For an ideal gas, we have
$$C_p - C_V = nR$$
where
$C_p$ is heat capacity at constant pressure,
$C_V$ is heat capacity at constant volume,
$n$ is amount of substance, and
$R=N_\mathrm A\cdot k_\mathrm B=8.314\,462\,618\,153\,24\ \mathrm{J\ mol^{-1}\ K^{-1}}$[source] is the molar gas constant.
How can I prove this?
Answer
The heat capacities are defined as
$$C_p = \left(\frac{\partial H}{\partial T}\right)_{\!p} \qquad \qquad C_V = \left(\frac{\partial U}{\partial T}\right)_{\!V} \tag{1}$$
and since $H = U + pV$, we have
$$\begin{align} C_p - C_V &= \left(\frac{\partial H}{\partial T}\right)_{\!p} - \left(\frac{\partial U}{\partial T}\right)_{\!V} \tag{2} \\ &= \left(\frac{\partial U}{\partial T}\right)_{\!p} + \left(\frac{\partial (pV)}{\partial T}\right)_{\!p} - \left(\frac{\partial U}{\partial T}\right)_{\!V} \tag{3} \end{align}$$
Ordinarily, we have $\mathrm{d}(pV) = p\,\mathrm{d}V + V\,\mathrm{d}p$, but under conditions of constant pressure $\mathrm{d}p = 0$ and so we can write
$$C_p - C_V = \left(\frac{\partial U}{\partial T}\right)_{\!p} + p\left(\frac{\partial V}{\partial T}\right)_{\!p} - \left(\frac{\partial U}{\partial T}\right)_{\!V} \tag{4}$$
For an ideal gas, $V = nRT/p$ ($n$ being constant throughout this whole discussion - or else $nR$ in the original equation makes no sense!) and so
$$\left(\frac{\partial V}{\partial T}\right)_{\!p} = \frac{nR}{p} \tag{5}$$
Substituting $(5)$ into $(4)$ gives
$$C_p - C_V = \left(\frac{\partial U}{\partial T}\right)_{\!p} - \left(\frac{\partial U}{\partial T}\right)_{\!V} + nR \tag{6}$$
At this stage, you have two choices.
The easy way
From the equipartition theorem, the internal energy of an ideal gas is given by
$$U = \left(\frac{\text{Degrees of freedom}}{2}\right)nRT \tag{7}$$
The number of degrees of freedom doesn't matter, because it is a constant for any given gas. The important point is that $U = U(T)$, i.e. internal energy is a function of only temperature. Therefore,
$$\left(\frac{\partial U}{\partial T}\right)_{\!p} = \left(\frac{\partial U}{\partial T}\right)_{\!V} = \frac{\mathrm{d}U}{\mathrm{d}T} \tag{8}$$
and the desired result, $C_p - C_V = nR$, immediately follows.

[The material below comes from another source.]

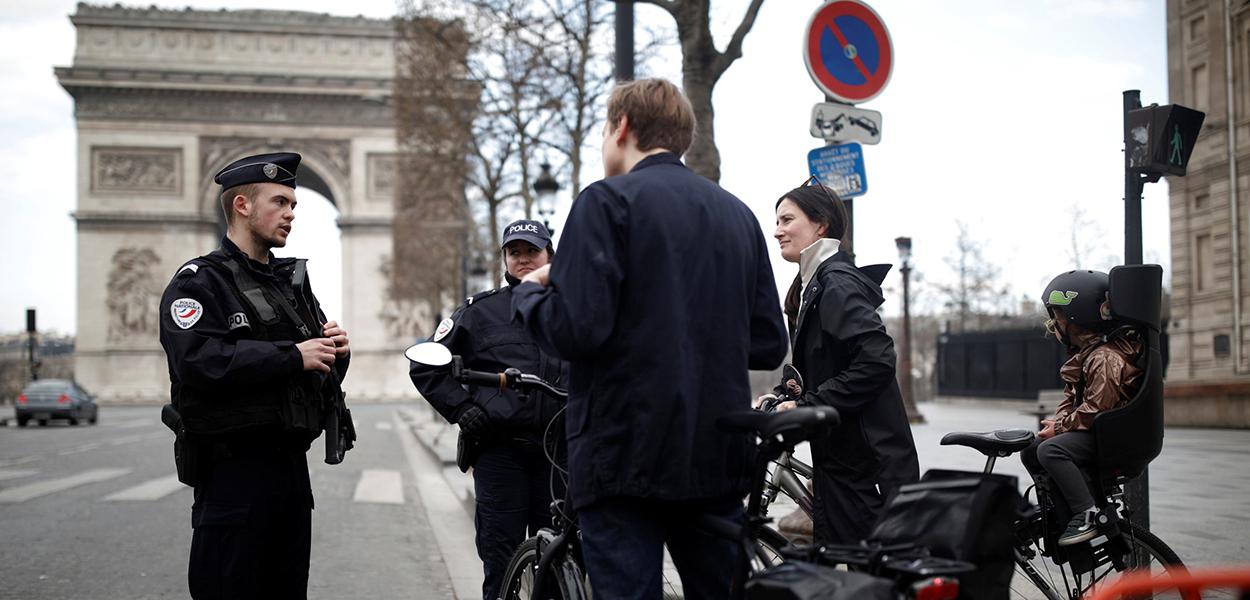 Policiais franceses conversam com ciclistas em frente ao Arco do Triunfo durante bloqueio pelo coronavírus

The "easy way" is described in a large number of textbooks, or web pages. I was even told to use it in one of my tutorials, at Oxford no less. It is not incorrect. However, I don't like the easy way, because it invokes the equipartition theorem, which (in my opinion) makes it only half a proof, unless one proves the equipartition theorem along with it.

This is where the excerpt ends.